*** Records provided Section Begins ***

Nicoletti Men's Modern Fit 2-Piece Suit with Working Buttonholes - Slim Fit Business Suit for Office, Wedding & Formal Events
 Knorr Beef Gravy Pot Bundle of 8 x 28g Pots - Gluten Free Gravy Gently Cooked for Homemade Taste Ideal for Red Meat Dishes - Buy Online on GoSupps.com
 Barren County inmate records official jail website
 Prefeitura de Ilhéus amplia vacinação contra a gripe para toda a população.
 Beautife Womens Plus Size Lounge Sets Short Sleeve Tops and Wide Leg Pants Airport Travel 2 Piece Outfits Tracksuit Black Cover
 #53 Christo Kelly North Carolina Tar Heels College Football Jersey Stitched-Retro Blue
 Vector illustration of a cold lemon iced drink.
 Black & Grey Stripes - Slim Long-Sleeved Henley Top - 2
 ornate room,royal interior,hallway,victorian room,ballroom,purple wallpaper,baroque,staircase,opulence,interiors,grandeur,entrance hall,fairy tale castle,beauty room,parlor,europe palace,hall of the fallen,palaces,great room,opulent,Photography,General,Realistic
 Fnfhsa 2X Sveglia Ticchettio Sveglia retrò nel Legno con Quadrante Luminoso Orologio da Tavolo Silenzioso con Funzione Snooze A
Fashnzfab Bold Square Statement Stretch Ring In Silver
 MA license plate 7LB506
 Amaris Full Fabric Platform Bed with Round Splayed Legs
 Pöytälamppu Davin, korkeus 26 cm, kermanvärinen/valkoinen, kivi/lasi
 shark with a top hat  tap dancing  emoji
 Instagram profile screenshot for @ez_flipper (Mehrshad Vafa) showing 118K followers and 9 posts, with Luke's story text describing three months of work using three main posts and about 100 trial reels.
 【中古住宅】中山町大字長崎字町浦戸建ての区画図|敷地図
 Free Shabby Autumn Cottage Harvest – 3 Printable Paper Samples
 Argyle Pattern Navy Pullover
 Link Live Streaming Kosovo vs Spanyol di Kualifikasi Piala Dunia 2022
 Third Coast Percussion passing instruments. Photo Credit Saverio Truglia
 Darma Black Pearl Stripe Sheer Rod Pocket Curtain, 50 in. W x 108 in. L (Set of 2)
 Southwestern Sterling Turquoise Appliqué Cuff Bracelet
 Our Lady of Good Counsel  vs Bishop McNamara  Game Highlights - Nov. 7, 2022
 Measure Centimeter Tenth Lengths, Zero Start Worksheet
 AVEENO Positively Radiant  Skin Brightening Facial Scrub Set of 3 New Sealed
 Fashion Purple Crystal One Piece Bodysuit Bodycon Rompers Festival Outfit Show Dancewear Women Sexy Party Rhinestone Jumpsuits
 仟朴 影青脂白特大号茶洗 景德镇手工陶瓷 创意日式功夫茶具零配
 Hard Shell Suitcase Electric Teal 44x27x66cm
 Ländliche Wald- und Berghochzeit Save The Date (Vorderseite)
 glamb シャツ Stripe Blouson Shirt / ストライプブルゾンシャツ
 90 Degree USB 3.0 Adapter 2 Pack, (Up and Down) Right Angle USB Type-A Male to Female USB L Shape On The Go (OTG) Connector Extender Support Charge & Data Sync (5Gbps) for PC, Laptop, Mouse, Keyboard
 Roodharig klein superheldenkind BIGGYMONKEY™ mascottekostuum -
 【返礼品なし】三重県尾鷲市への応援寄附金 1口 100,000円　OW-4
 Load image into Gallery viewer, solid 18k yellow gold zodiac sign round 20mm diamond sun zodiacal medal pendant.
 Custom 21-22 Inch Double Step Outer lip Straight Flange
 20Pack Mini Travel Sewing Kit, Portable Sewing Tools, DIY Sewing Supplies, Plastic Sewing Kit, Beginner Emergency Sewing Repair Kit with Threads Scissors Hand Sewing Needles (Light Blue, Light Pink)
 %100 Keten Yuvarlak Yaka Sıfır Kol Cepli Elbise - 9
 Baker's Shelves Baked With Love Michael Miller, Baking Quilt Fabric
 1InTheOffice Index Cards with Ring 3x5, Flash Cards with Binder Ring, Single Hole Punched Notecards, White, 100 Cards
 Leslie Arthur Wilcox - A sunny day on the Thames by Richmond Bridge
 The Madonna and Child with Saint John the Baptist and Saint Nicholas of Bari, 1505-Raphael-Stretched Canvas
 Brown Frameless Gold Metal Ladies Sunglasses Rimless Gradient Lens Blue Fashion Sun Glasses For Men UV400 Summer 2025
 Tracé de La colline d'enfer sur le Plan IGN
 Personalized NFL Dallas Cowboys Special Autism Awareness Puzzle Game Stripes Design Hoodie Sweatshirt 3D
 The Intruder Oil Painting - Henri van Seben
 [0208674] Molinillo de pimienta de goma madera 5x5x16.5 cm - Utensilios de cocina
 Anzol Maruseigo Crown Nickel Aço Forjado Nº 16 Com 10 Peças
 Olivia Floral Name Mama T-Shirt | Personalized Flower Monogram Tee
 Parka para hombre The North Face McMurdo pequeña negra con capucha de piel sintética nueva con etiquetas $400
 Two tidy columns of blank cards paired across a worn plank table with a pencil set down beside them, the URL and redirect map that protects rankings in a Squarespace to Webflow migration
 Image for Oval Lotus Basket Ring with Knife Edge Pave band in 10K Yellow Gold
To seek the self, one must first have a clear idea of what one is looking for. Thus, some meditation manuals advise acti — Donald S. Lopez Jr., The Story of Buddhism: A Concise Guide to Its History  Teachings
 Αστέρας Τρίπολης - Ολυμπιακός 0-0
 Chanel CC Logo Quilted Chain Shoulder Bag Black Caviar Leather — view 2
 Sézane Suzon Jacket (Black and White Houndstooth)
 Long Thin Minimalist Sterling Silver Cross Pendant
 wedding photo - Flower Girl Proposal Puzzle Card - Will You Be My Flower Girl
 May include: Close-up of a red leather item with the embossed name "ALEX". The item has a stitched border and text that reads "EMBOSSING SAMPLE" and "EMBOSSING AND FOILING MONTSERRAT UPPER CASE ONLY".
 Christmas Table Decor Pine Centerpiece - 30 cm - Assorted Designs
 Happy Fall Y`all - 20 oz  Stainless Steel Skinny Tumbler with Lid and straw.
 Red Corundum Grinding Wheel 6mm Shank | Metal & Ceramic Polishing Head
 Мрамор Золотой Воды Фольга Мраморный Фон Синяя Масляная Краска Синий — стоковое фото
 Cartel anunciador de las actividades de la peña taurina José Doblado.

*** Records provided Section Ends ***

**What the task requires**
Write out only what runs from the line holding "Red Corundum Grinding" through the last line of the records, exactly as shown.

**Reply**
 Red Corundum Grinding Wheel 6mm Shank | Metal & Ceramic Polishing Head
 Мрамор Золотой Воды Фольга Мраморный Фон Синяя Масляная Краска Синий — стоковое фото
 Cartel anunciador de las actividades de la peña taurina José Doblado.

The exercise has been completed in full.